- Born: Emmanuel Jean Baptiste Caromi Anquetil 18 August 1885 Bassin Estate, Plaine Wilhems
- Died: December 1, 1946 (aged 61)
- Known for: Co-founder of the Mauritius Labour Party

= Emmanuel Anquetil =

Mauritian politician

Emmanuel Anquetil (1885-1946) was a Mauritian trade unionist, and the second leader of the Mauritius Labour Party.

==Early life==
Emmanuel (Jean Baptiste Caromi) Anquetil was born on 18 August 1885 at the Bassin Estate, Plaine Wilhems, to Jean Volmy and Marie Angela Anquetil. Anquetil left Mauritius as a 16 year old ship's apprentice, spending 11 years working on coasters in the Australian seas.
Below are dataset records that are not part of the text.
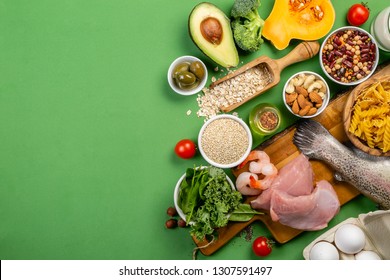 Mediterranean diet concept - meat, fish, fruits and vegetables on bright green background - Shutterstock ID 1307591497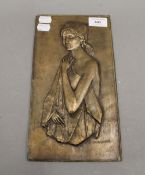 A bronze plaque depicting a girl, inscribed ''Giovagnoni''. 28.5 cm high.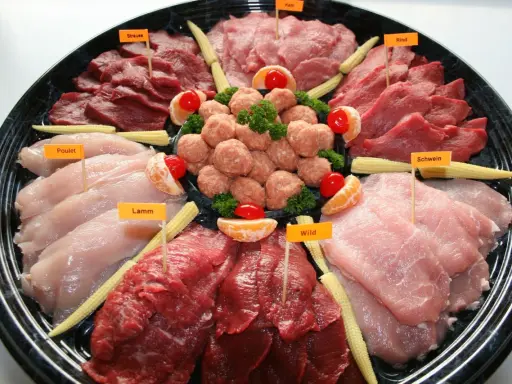 Plateau de viandes variées pour fondue, évoquant la fondue bourguignonne et son origine. On y trouve bœuf, poulet, agneau, porc, veau et gibier.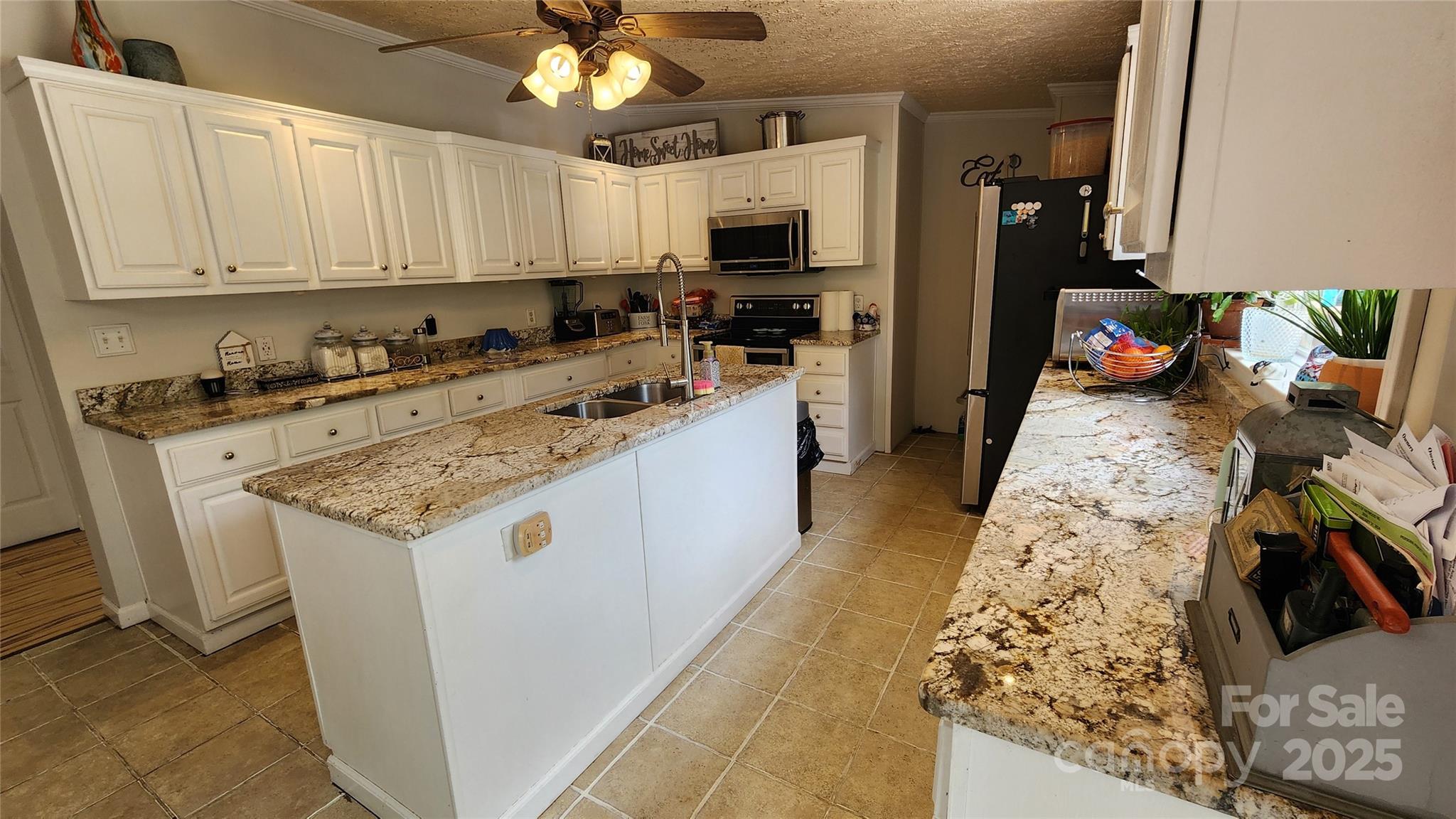 1235 Sulphur Springs Road Waynesville, NC 28786 - Photo 8 of 40 a kitchen with granite countertop a sink stove and cabinets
Anquetil left Australia for England in 1912, arriving in Liverpool docks in 1913. After being unable to enlist in the Royal Navy, he would spend the World War I years as a Petty Officer in the Merchant Navy, in Admiralty Transport on Atlantic convoys carrying goods and passengers between England and America.
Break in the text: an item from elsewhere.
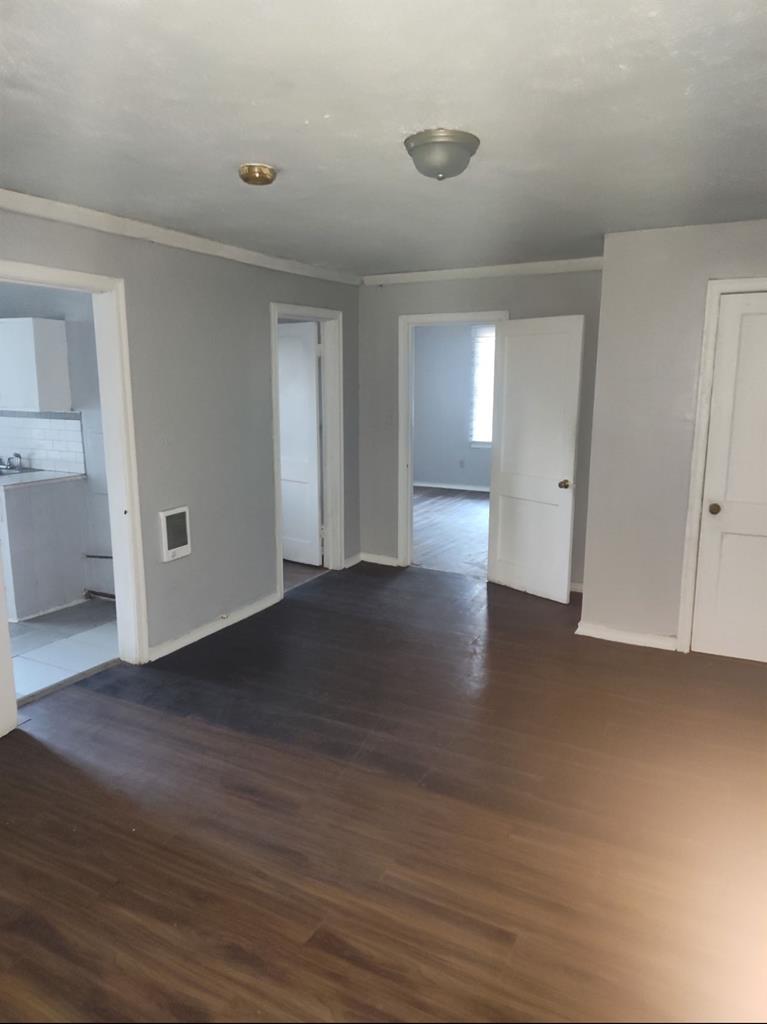 2738 Baldwin Street Columbus, GA 31906 - Photo 6 of 13 a view of an empty room with wooden floor and a window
After the war, Anquetil worked mainly on coastal ships from Liverpool, picking up minerals from local mines on the west coast of Wales. Post-war continued to be difficult times for the working classes including seamen in Great Britain - 'through the 1920s, Britain's economy was already struggling to pay for the effects of World War I'. Work continued to be hard and low-paid, with workmen at loggerheads with factory and mine owners culminating in strikes and lock-outs such as the Miners Strike of 1926. The Trades Union Congress called a General Strike in 1926 in support of the mine workers which lasted 9 days from 3 – 12 May. Seamen like Anquetil, docking into Port Talbot, were not immune to these hardships, signing up to each voyage and becoming aware of the activities of workmen and trade unionists in ports and industrial towns like Aberafan, across Great Britain.
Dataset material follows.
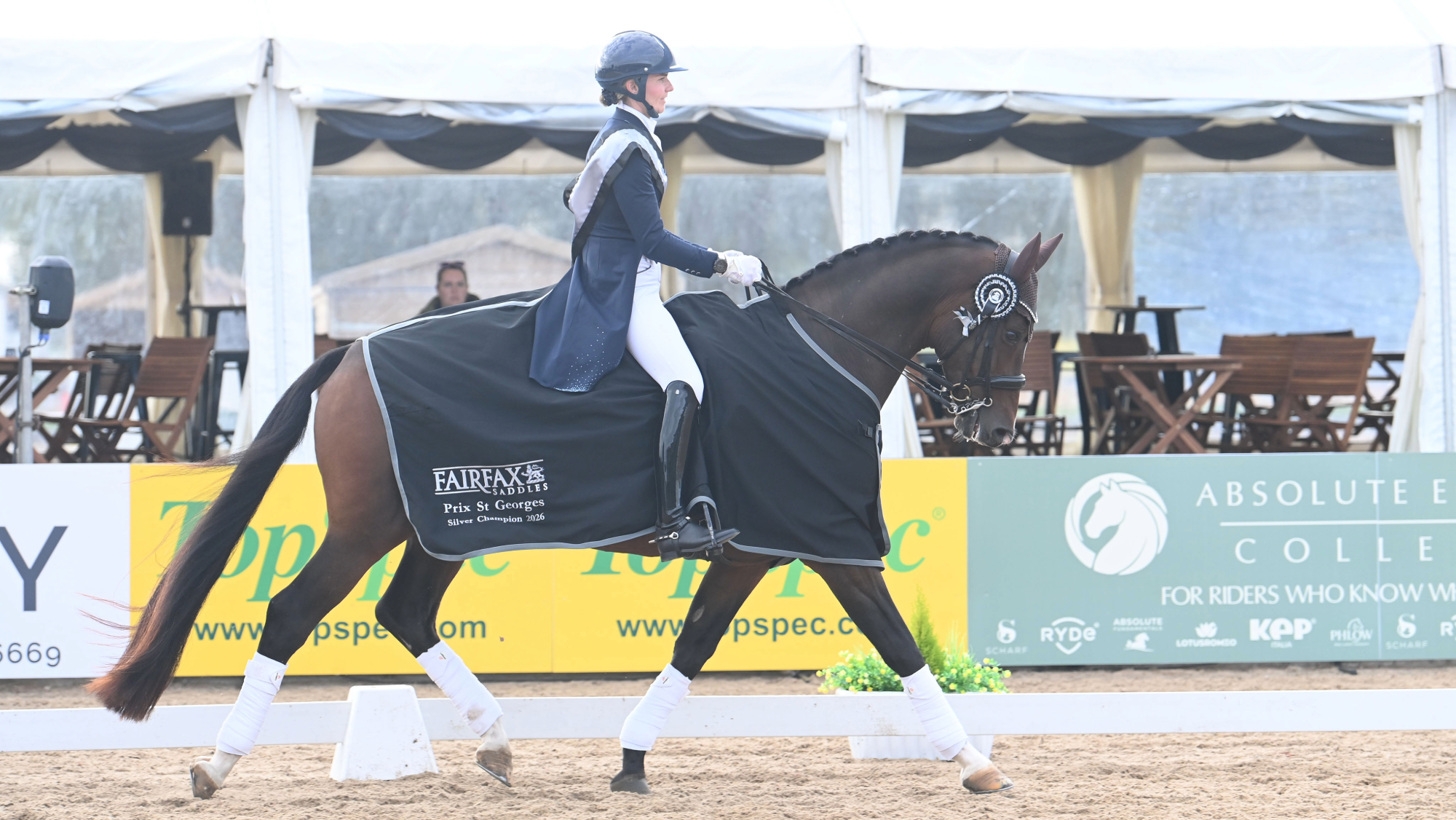Charlotte Smithwhite rides Luciano in trot, wearing the Fairfax Saddles Prix St Georges silver champion rug, at the LeMieux National Dressage Championships.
Anquetil met Sinah Lane, the daughter of a local miner and herself a Labour Party activist, at a local socialist rally. They married in 1922 and had a son David John. Both Emmanuel and Sinah were active in the Independent Labour Party, working towards the successful election of the local Member of Parliament. Emmanuel and Sinah attended meetings and rallies by trade unionists and Labour Party members such as James Griffiths, Aneurin Bevan, Willie Cove and Ramsay MacDonald Aberavon Member of Parliament the 1st Labour Party Prime Minister in 1924. Anquetil was known locally for his passionate speeches at meetings and rallies in Welsh. The tough times continued with high unemployment and low wages as a result of the worldwide Great Depression from 1929 until the start of World War II. Particularly hardest hit by economic problems were the industrial and mining areas in the north of England, Scotland, Northern Ireland and Wales. Unemployment reached 70% in some areas at the start of the 1930s (with more than 3 million out of work nationally) and many families depended entirely on payments from local government known as the dole’. Ramsay MacDonald won the parliamentary seat of Aberafan from the Liberal Party in 1922 and the Labour Party has held it ever since. And so he did his best to support his family.

==Labour Party==
When he returned to Mauritius, he helped found the Labour Party with Dr. Maurice Curé, and fought for the rights of labourers and workers. He saw much injustice and was of opinion that "the workers on the sugar estates were better off when they were slaves". Following the Uba riots of 1937 Anquetil was deported to Rodrigues by the British colonial government for organising strikes in defence of dockers' rights in 1938. He spent much time touring the island campaigning for a more liberal form of government, and took part in debates on the revision of the constitution.

==Death==
His long tours around the island affected his health, and he died in 1946 of pneumonia before the new constitution came into being. He was succeeded by Guy Rozemont as leader of the Labour Party.